> THE TASK:
Needed from the data below: every line from the one with "Do the Philips" up to and including the one with "It lasts up", repeated exactly and with nothing else.

> EXTRACTED MATERIAL:
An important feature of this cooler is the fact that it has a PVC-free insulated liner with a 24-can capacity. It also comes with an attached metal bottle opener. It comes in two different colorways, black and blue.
---
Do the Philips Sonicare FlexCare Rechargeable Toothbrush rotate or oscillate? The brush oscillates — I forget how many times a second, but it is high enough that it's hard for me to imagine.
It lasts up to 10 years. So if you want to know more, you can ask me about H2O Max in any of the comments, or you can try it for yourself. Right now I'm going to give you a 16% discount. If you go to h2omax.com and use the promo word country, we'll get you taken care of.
---
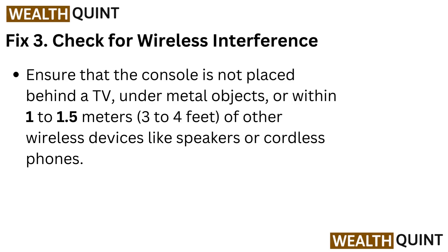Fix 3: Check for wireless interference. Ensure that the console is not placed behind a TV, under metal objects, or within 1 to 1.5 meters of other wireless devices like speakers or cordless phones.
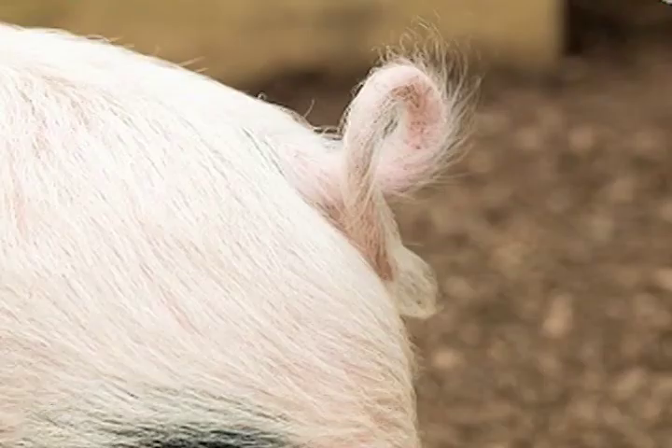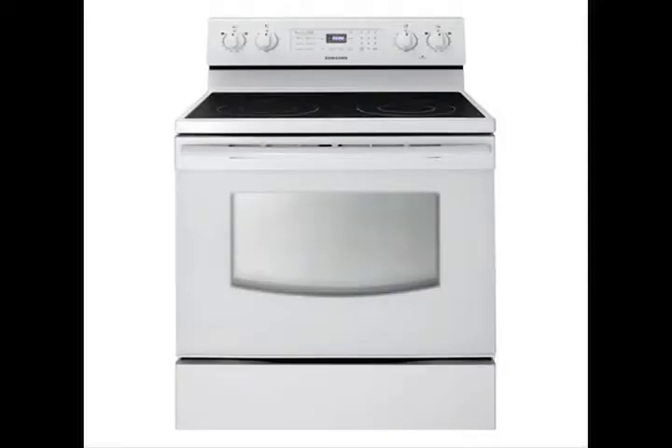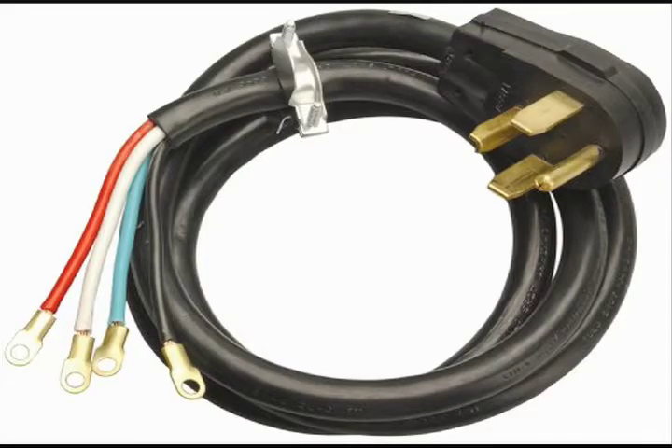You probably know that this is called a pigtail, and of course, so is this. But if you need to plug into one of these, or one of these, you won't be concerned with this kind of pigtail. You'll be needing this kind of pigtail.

> EXERCISE SOLUTION:
Do the Philips Sonicare FlexCare Rechargeable Toothbrush rotate or oscillate? The brush oscillates — I forget how many times a second, but it is high enough that it's hard for me to imagine.
It lasts up to 10 years. So if you want to know more, you can ask me about H2O Max in any of the comments, or you can try it for yourself. Right now I'm going to give you a 16% discount. If you go to h2omax.com and use the promo word country, we'll get you taken care of.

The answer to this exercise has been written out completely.